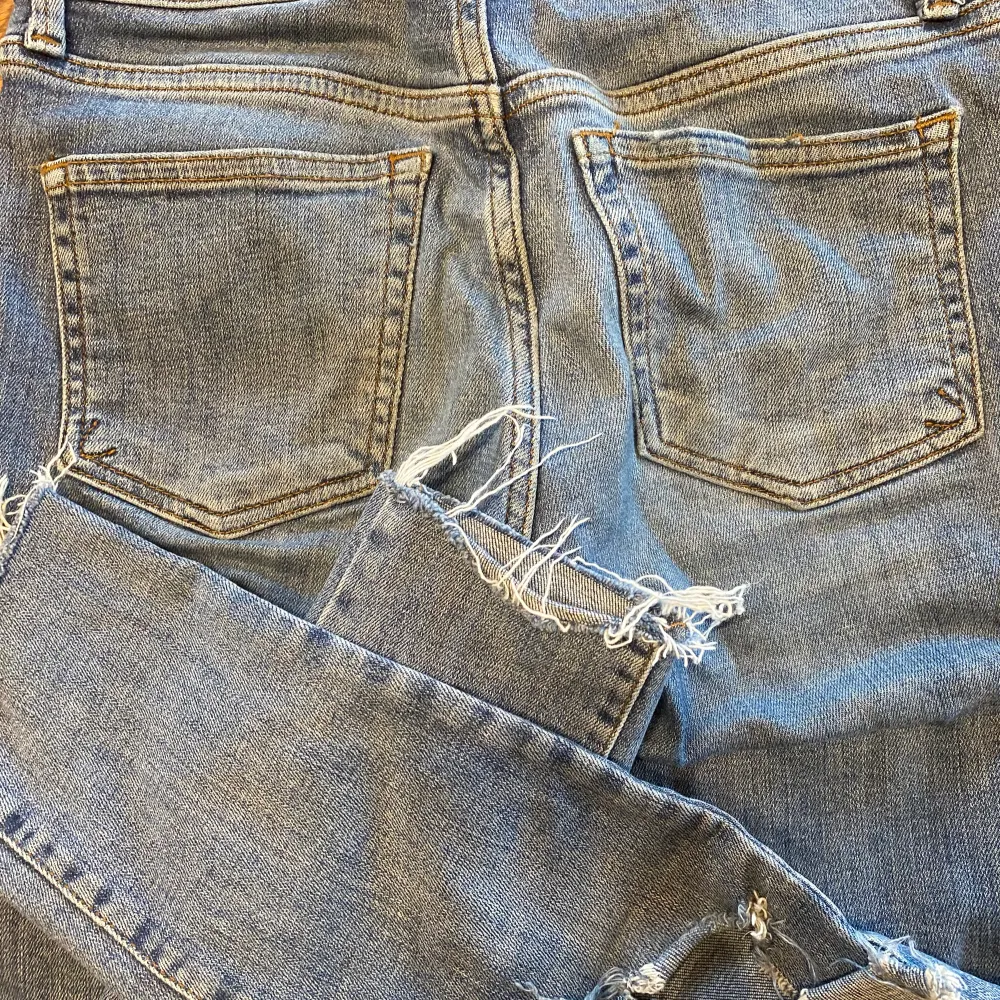 Säljer dessa jeans från bikbok storlek S. Jag skulle säga att de är mellan lowwaist och midwaist. De är väl använda men i fint skick, bortsett från hålen😜 . Jeans & Byxor.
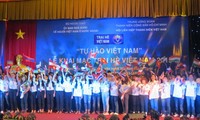 Khai mạc Trại hè Việt Nam 2015 cho thanh thiếu niên kiều bào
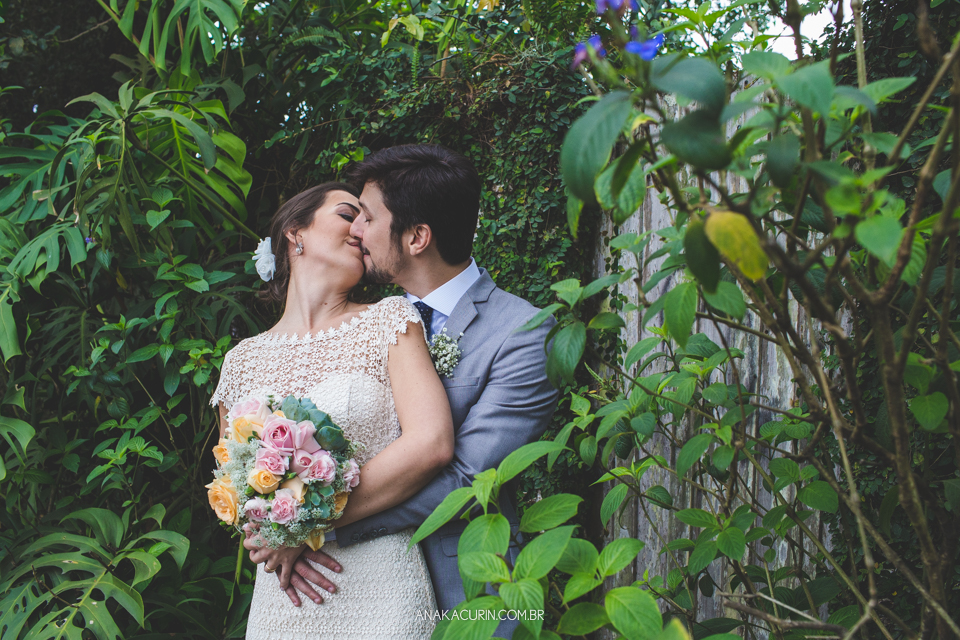 Casamento Mini Wedding da Bruna e Pablo que aconteceu no Restaurante Quinta, em Vargem Grande, Rio de Janeiro, Fotografia de casamento por Ana Kacurin. Casamento de dia, ao ar livre.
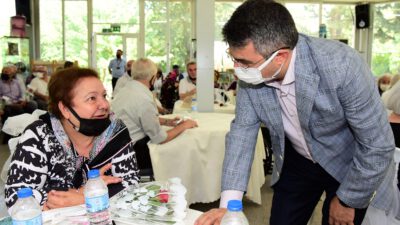 BAŞKAN YILMAZ’DAN HASTANEYE VE HUZUREVİNE BAYRAM ZİYARETİ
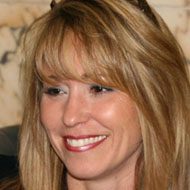 Kelly Schulz, 56 (Политик)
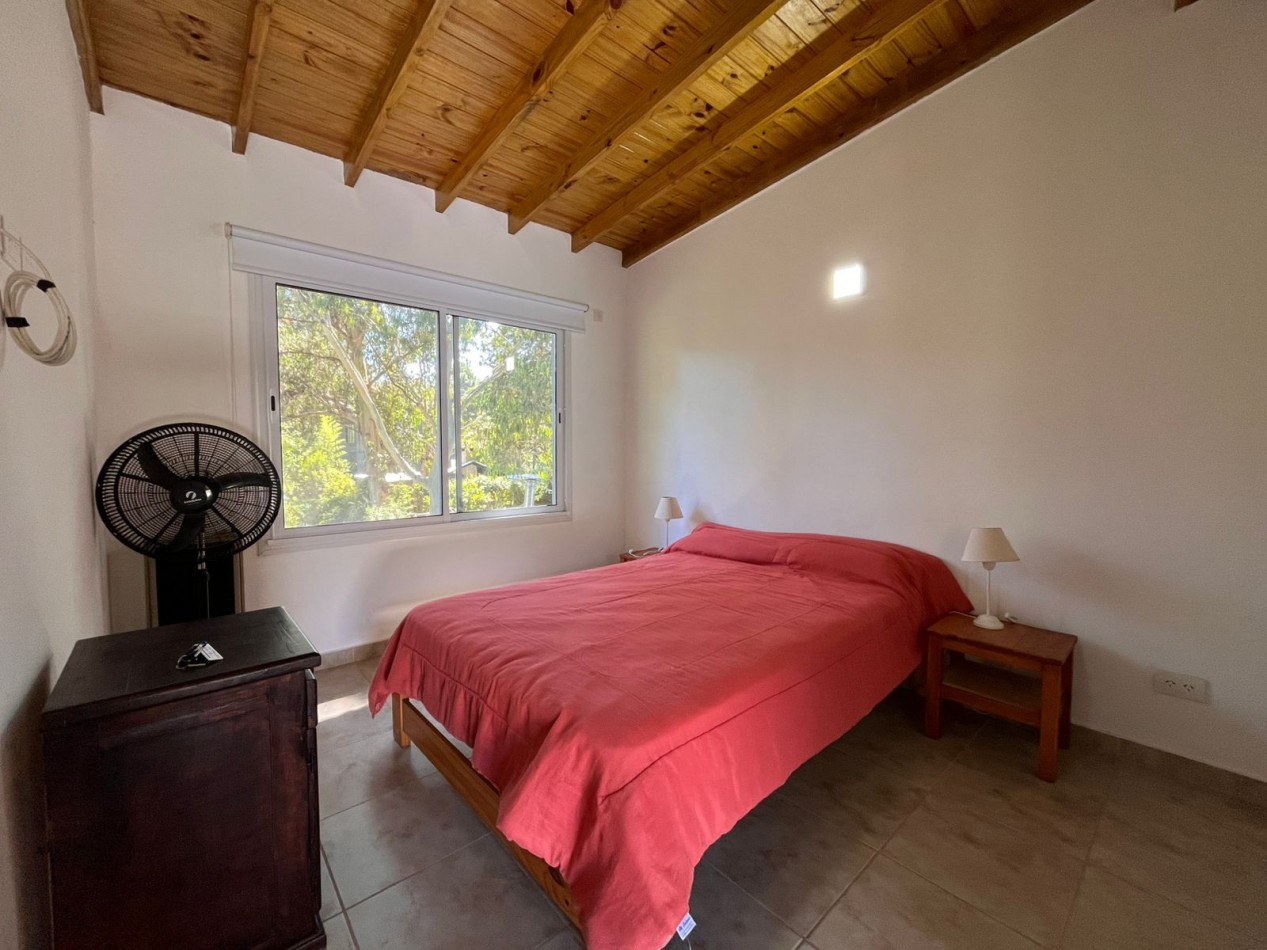 Venta casa  Valeria del Mar - Pinamar (con GAS NATURAL)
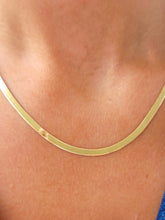 Load image into Gallery viewer, 14K 18 inch 3mm Silky Herringbone with Lobster Clasp Chain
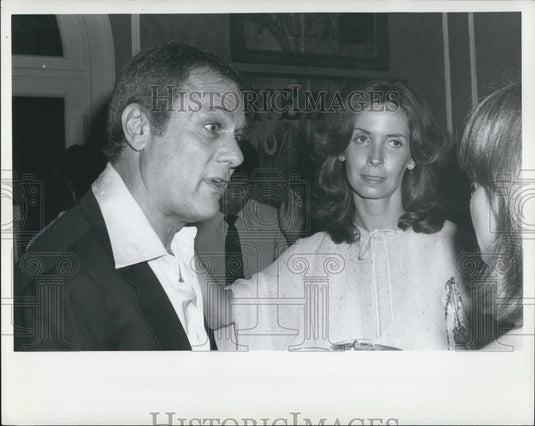 1976 Press Photo Tony Curtis and his Wife, Beverly Hills, California - Historic Images
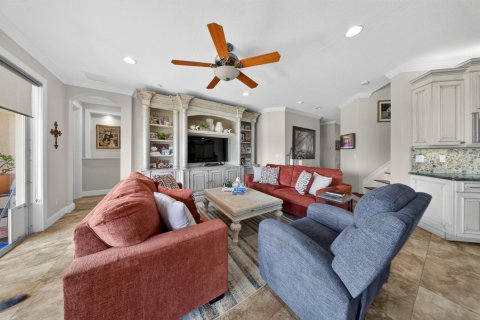 Villa ou maison à vendre à Stuart, Floride: 4 chambres, 338.72 m2 № 2146851 - photo 12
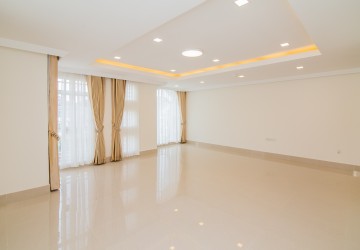 6 Bedroom Queen Villa For Rent - Peng Houth The Star Diamond, Phnom Penh thumbnail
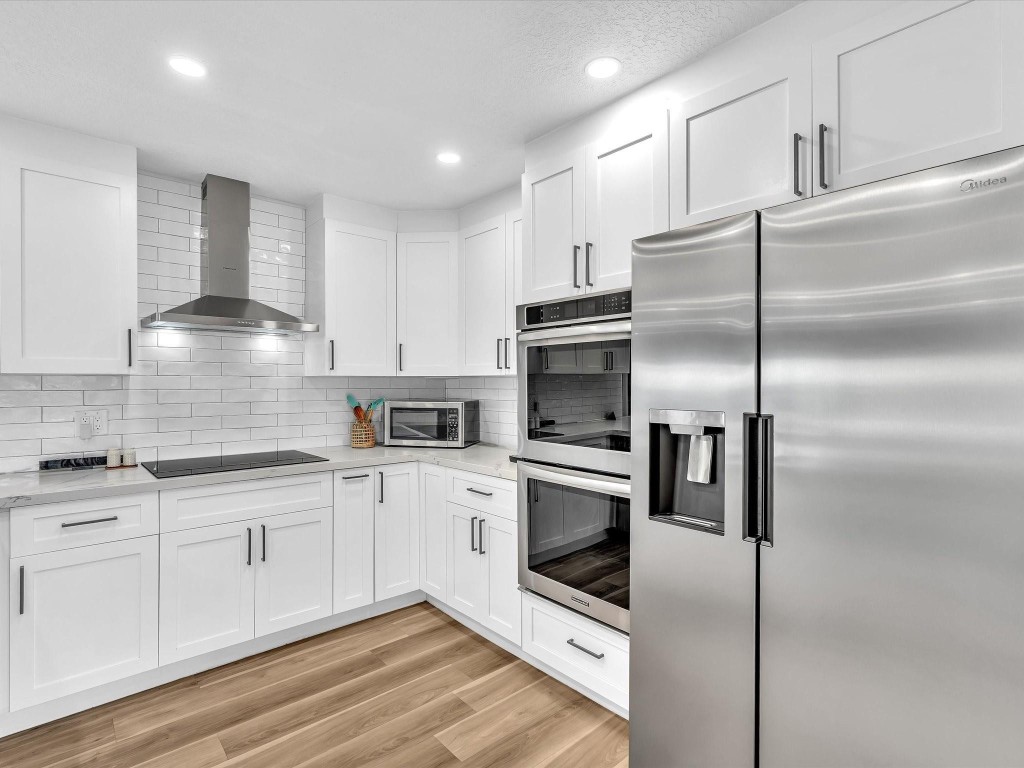 IMPERIAL POINT 2 SEC - Residential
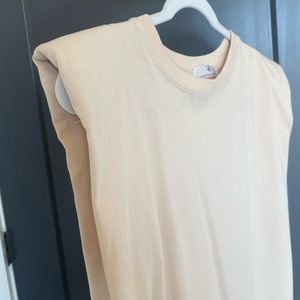 BEIGE TOP with shoulder pads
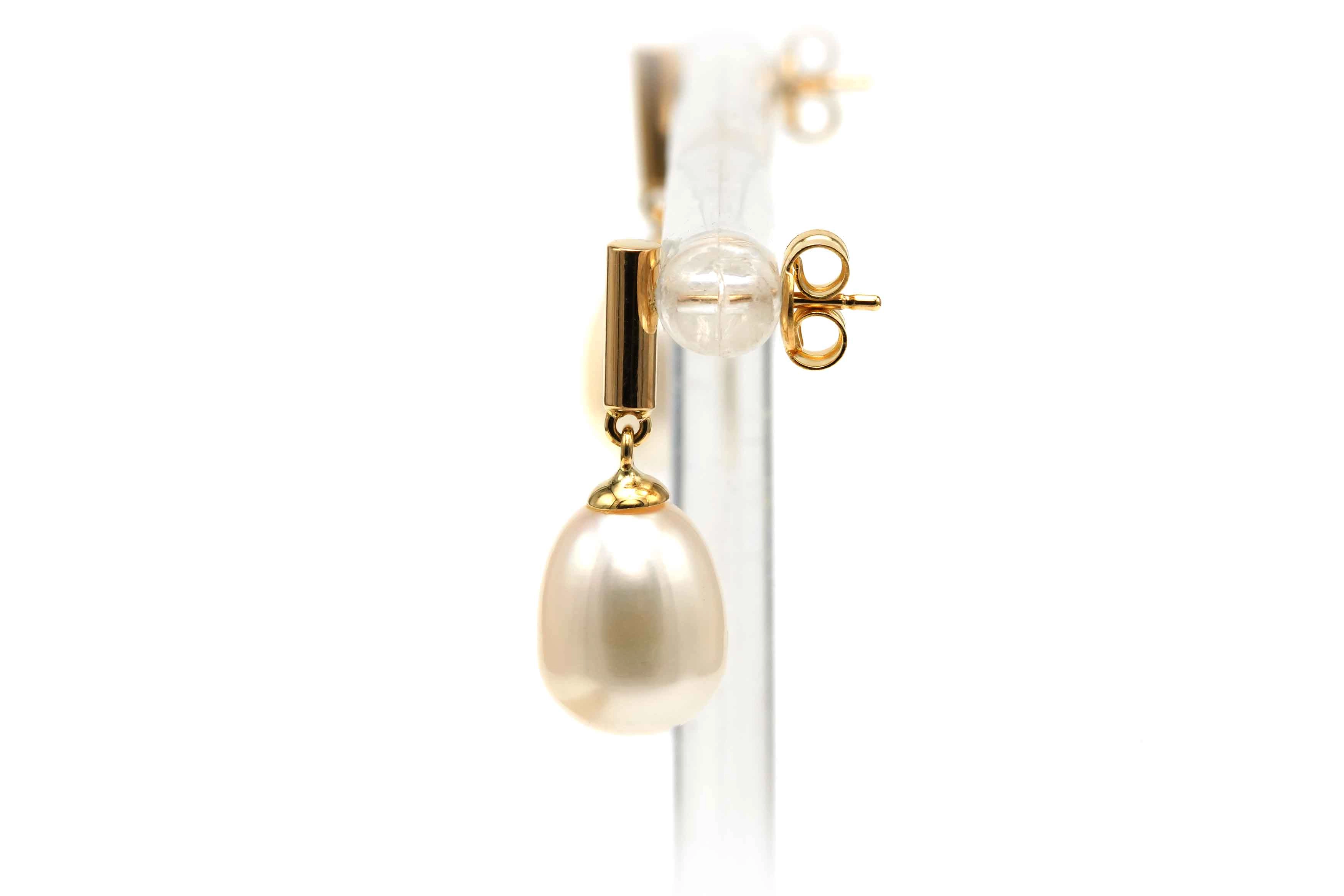 Boucles d'oreilles contemporaines en or jaune 18 carats serties de perles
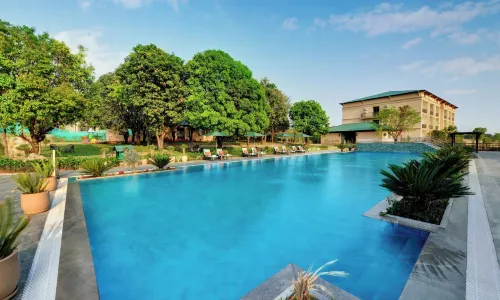 Debu's the Fern Resort & Spa, Jim Corbett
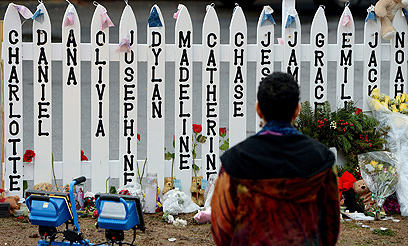 ובינתיים: בניוטאון זוכרים את הקורבנות (צילום: EPA) (צילום: EPA)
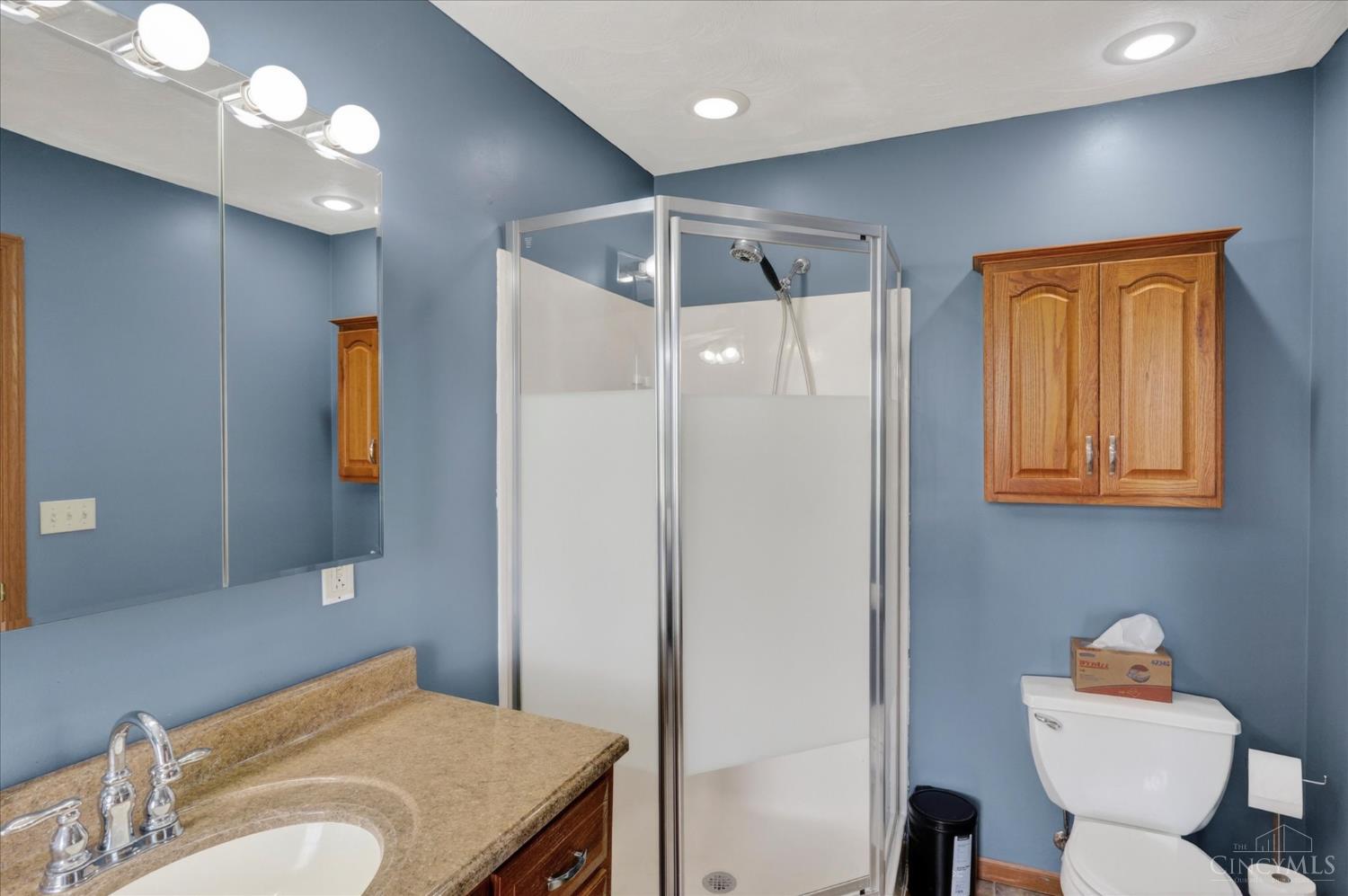 9070 Grimsley Road Leesburg, OH 45135 - Photo 18 of 41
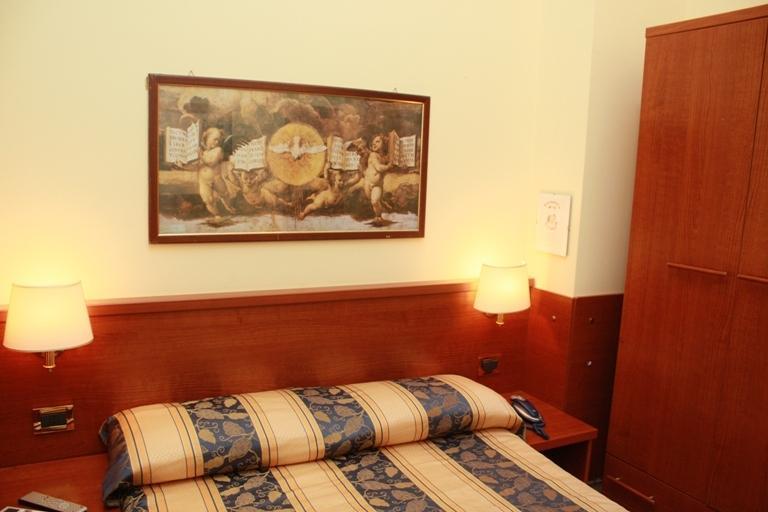 Hotel Viennese Roma Exterior foto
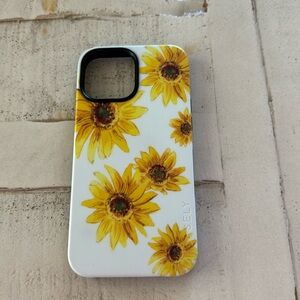 Casely IPhone 13 ProMax, summer yellow flowers.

····················

EXERCISE AIM:
Return exactly the lines from the line with "BEIGE TOP with shoulder pads" through the last line of the data above, both included; pictures do not go in the answer.

RESPONSE:
 BEIGE TOP with shoulder pads
 Boucles d'oreilles contemporaines en or jaune 18 carats serties de perles
 Debu's the Fern Resort & Spa, Jim Corbett
 ובינתיים: בניוטאון זוכרים את הקורבנות (צילום: EPA) (צילום: EPA)
 9070 Grimsley Road Leesburg, OH 45135 - Photo 18 of 41
 Hotel Viennese Roma Exterior foto
 Casely IPhone 13 ProMax, summer yellow flowers.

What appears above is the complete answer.